====== Records shown

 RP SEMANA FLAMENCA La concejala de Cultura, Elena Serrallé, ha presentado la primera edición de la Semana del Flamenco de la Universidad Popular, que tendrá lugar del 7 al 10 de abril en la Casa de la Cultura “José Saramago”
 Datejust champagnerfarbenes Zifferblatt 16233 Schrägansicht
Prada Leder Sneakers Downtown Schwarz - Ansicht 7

============
====== Records shown

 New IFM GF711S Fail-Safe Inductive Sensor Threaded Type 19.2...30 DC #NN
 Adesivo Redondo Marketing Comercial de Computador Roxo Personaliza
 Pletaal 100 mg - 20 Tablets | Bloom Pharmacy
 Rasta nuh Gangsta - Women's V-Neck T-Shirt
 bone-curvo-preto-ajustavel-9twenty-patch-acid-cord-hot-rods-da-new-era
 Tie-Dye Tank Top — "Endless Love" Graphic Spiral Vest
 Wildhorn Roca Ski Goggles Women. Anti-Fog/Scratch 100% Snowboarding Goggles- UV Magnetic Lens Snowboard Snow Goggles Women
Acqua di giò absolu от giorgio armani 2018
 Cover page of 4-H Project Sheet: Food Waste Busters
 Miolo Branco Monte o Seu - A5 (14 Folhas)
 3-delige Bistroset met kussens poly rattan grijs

============

Please give back exactly the lines of the listing above that run from the one containing "RP SEMANA FLAMENCA" through the one containing "Prada Leder Sneakers", and only those.

 RP SEMANA FLAMENCA La concejala de Cultura, Elena Serrallé, ha presentado la primera edición de la Semana del Flamenco de la Universidad Popular, que tendrá lugar del 7 al 10 de abril en la Casa de la Cultura “José Saramago”
 Datejust champagnerfarbenes Zifferblatt 16233 Schrägansicht
Prada Leder Sneakers Downtown Schwarz - Ansicht 7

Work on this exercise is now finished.